The Mellow Programming Language
MIT License
7 stars 2 forks source link

[GC, Hash-Type, Set-Type] Implement deep-algorithm "sub-compilers" to generate recursive code for each type #71

Open CollinReeser opened 9 years ago

CollinReeser commented 9 years ago

At present it appears we need deep-copy, deep-mark, deep-pointer-grab, deep-compare, deep-compare-ordering, and deep-hashing algorithms. Each of these algorithms are structured very similarly, but perform a different job.

Deep-mark is the most directly relevant to GCing, as it is the algorithm that descends an object of a particular type, sets that object's own mark bit, and then recursively descends on any and all members of that object which have not yet had their mark bit set. This will set all of the mark bits of every object in an arbitrary datastructure, such that the sweep stage of GC can then free all objects without their mark bit set.

Deep-pointer-grab descends an arbitrary datastructure that is believed to not belong to any thread GC yet, and updates the GC object to tell it that it now owns every object in the datastructure.

Deep-copy is likely the trickiest, as it seems the algorithm both needs to descend to the bottom of the object first so that the copy can be made bottom-up, and also it needs to keep track of cycles in the datastructure so that the same object referenced in more than one place in the datastructure is handled properly in the production of the copy. This algorithm is necessary for the future .dup property to force production of a deep copy of an object in mellow code, and this algorithm is necessary to deep copy any object that passes through a channel to another thread, so that no thread has reference access to data that any other thread has access to, excepting the channels themselves.
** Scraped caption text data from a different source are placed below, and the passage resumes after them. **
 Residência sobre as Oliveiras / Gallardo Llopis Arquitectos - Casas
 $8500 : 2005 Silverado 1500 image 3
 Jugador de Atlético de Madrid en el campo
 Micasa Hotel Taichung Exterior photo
Deep-compare is necessary for set and hash operations. Only strings and basic data-types will be compared, though all objects should be reducable to those elements given enough recursion into the object type.

Deep-hashing is necessary for hashing operations. Similarly to deep-compare, ultimately the hashing operation is reduced to interacting with strings and the basic data-types.
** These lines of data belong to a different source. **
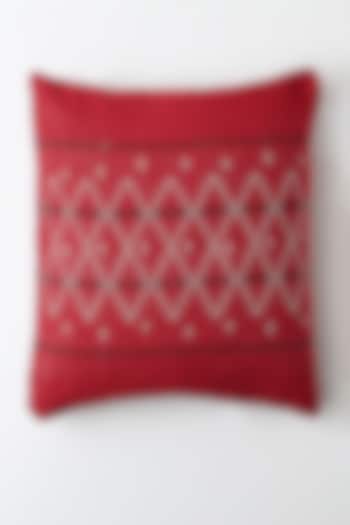 Red Therali Cushion Cover by Vekuvolu Dozo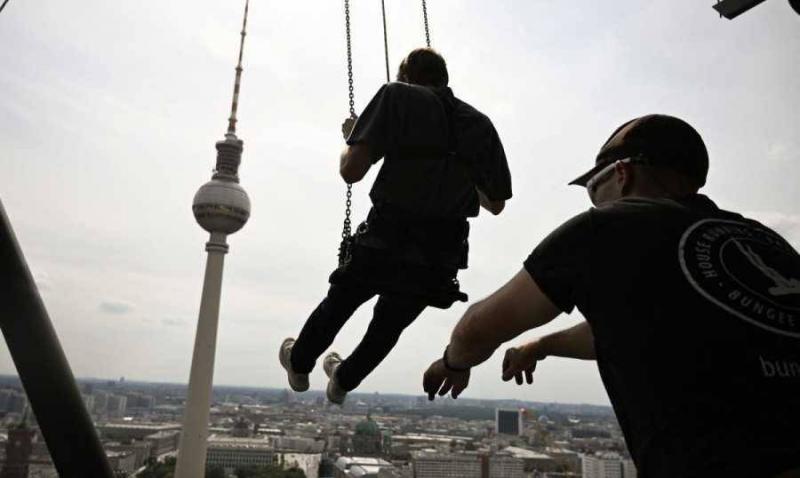 Berlin Offers Thrill Seekers a Chance to Ride the Highest Swing in Europe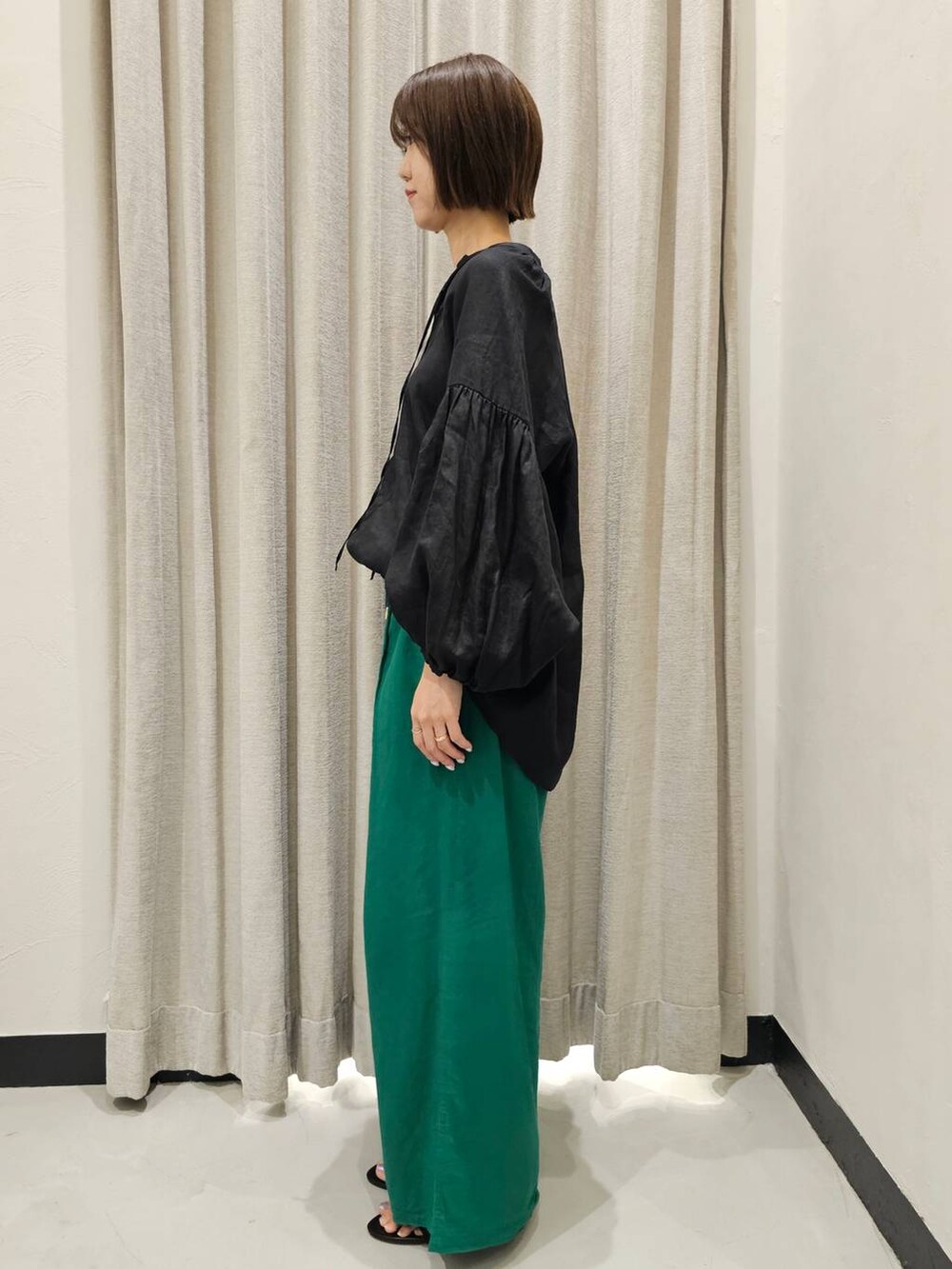 ブラック系のスリッポン、ブラック系のシャツ/ブラウス、グリーン系のその他パンツを着用したレディースの夏コーディネートの3枚目の写真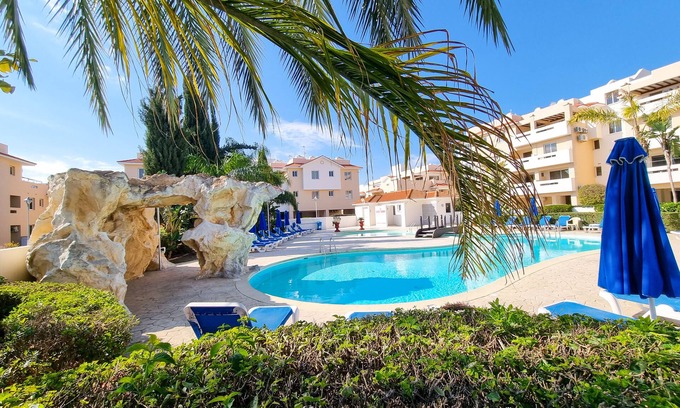 Pyla Apartamento | Yaar Apartment with pool and tennis court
To produce these algorithms, each unique type, down to how a templated type is instantiated, must have an associated, compiled function that performs each of those unique tasks. With the GC runtime, all objects will have a 16-byte object header, wherein the first bit is the mark bit, several more bits are reserved, and the remainder of the first 8 bytes of the header will be used to contain the type's integral identifier, for use during runtime, including these algorithms. In particular, x86 jump tables will be produced, so that for any type, it is only two instructions to lea the address of the relevant type's algorithm, and a jmp to jump to it.

Essentially, "sub-compilers" will need to be implemented that can implement each of these algorithms for every type discovered within a mellow program. Each type will need to be collected, and a list of the unique types passed along to the sub-compilers to produce the relevant functions for each algorithm for each type.
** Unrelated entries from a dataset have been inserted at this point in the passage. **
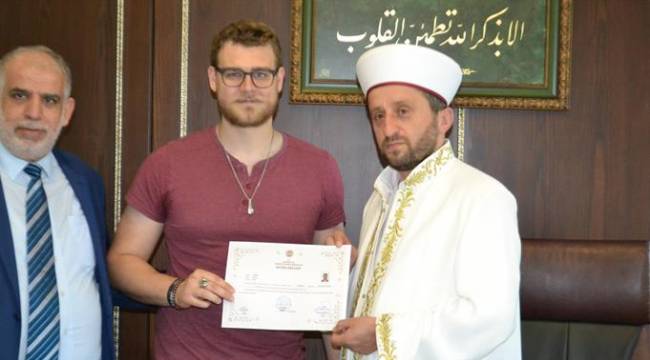 Amerikalı Tyler Owen İslâm'ı Seçti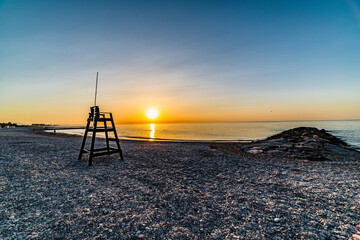 Naklejka premium Amanecer en la playa de Moncófar, Castellón. Concepto de vacaciones y relax.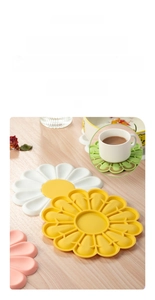 Macro detail of daisy floral silicone mat with 3D petal design for heat insulation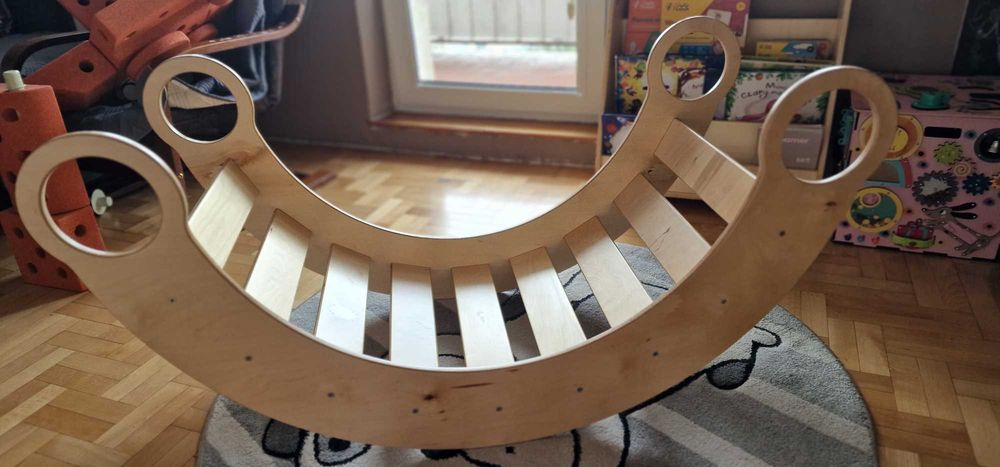 Drewniany bujak Montessori z rampą i zjezdzalnią dla dzieci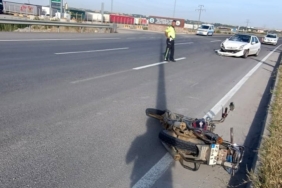 İpsala’da otomobilin çarptığı motosiklet sürücüsü hayatını kaybetti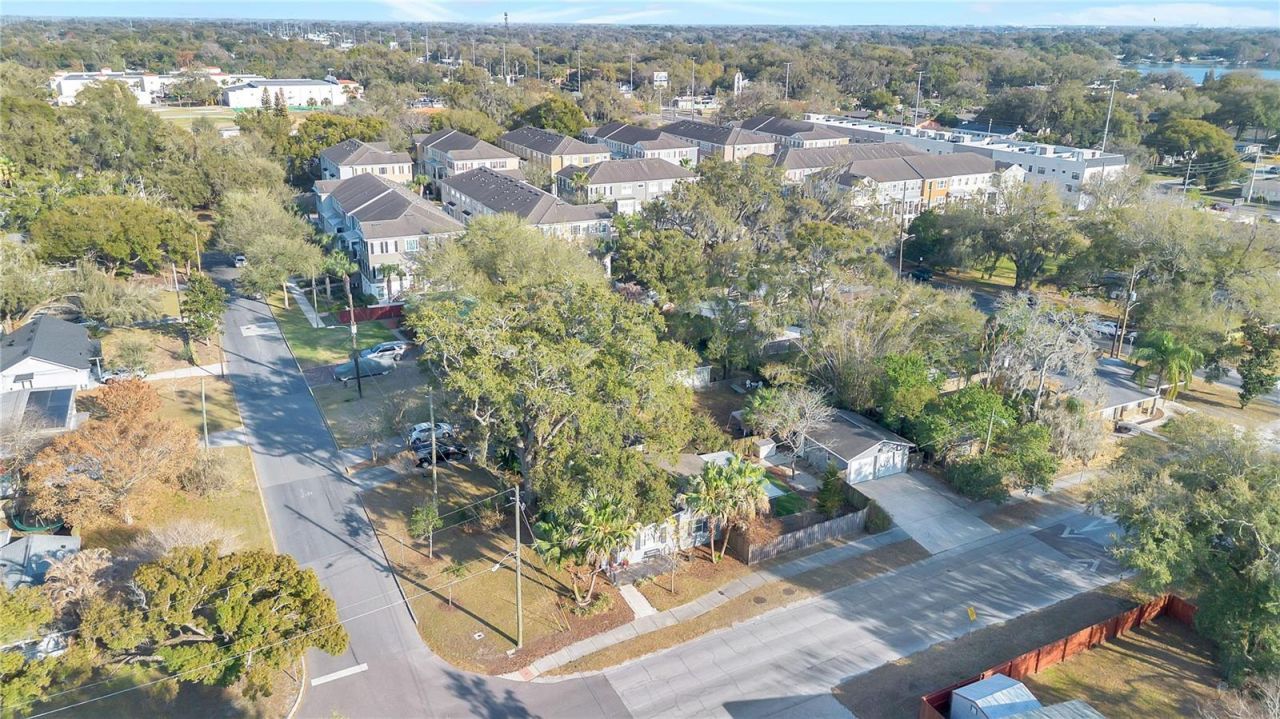 500 E Crystal Lake Street, Orlando, FL 32806 Photo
Some types will need to have a "canned" type identifier, such as strings, channels (a deep copy of a channel is simply a copy of the channel itself, set explicitly to empty), and one or more Maybe template instantiations depending on usage within the standard library, such that when objects of those types are explicitly constructed in C within the runtime or the stdlib, their proper integral type identifier can be set.

CollinReeser commented 8 years ago

The hashing and comparison functions shall no longer be deep algorithms, but shall stay to the first level in a hierarchy. For an arbitrary object, such as a struct, the hash for that object will be the multiplication of each sub-hash, where each toplevel element in the object is hashed as follows: Primitive data types are hashed directly. Strings are hashed using the string hashing function. Any and all reference types are hashed as though their representative pointers were integral values. Therefore, no recursive descent takes place.

The comparison functions are similar: Direct comparison of primitive datatypes and strings, and direct comparison of the integral values of the pointers of any reference types.